Jackie Joyner-Kersee
One of the greatest Olympic athletes in United States history will go down as Jackie Joyner-Kersee. Along with the three gold medals she won throughout her career, she may best be remembered for her achievement in the heptathlon event. In 1986, Joyner-Kersee scored a world record of a total of 7,000 points at the Goodwill Games – her record still stands today. Joyner-Kersee started the Jackie Joyner-Kersee Foundation, a nonprofit that gives support to families affected by poverty.
George Foreman
The heavyweight boxing champion, George Foreman, put himself on the map after winning a gold medal at the 1968 Olympics in Mexico City.

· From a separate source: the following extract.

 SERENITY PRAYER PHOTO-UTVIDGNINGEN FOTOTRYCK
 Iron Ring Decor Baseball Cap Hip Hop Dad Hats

That gold medal started his path to greatness, putting him on the radar of Muhammad Ali – the two boxers faced each other in “The Rumble in the Jungle.” Although he didn’t beat Ali in that contest, Foreman made his mark as a boxing legend. Since his retirement, he has become the face of the George Foreman Grill company, making 40 percent of the profit.
Birgit Fischer
Birgit Fischer stayed at the top of her sport for longer than many people say they did. The German kayaker competed in a total of eight Olympic Games, making her both the youngest and the oldest to compete in the sports competition. Interestingly enough, Fischer retired from kayaking twice, but couldn’t stay away from the sport for long. Since retiring, Fischer found herself behind the lens – she is a photographer who displays her artwork through the Art of the Olympians Foundation.
Charles Barkley
Basketball fans will most likely associate Charles Barkley with the NBA, what they may not know is that he is also an Olympic gold medalist. He played for the United States team in both 1992 and 1996 – winning in both tournaments. Barkley was the NBA’s MVP in 1993 and retired in 2000. Barkley has made a name as one of the best broadcast analysts in basketball. Since his retirement, he has written several books and showed an interest in politics.
Sergey Bubka
The Ukrainian pole vaulter who represented the Soviet Union, Sergey Bubka took home Olympic gold in 1988. His achievements in pole vaulting are as impressive as they get and broke the world record 35 times throughout his career. Bubka was named Athlete of the Year by Track & Field news twice, and in 2012 he was inducted as an inaugural member of the International Association of Athletics Federations Hall of Fame. Since retiring, he has become the president of the International Association of Athletics Federations.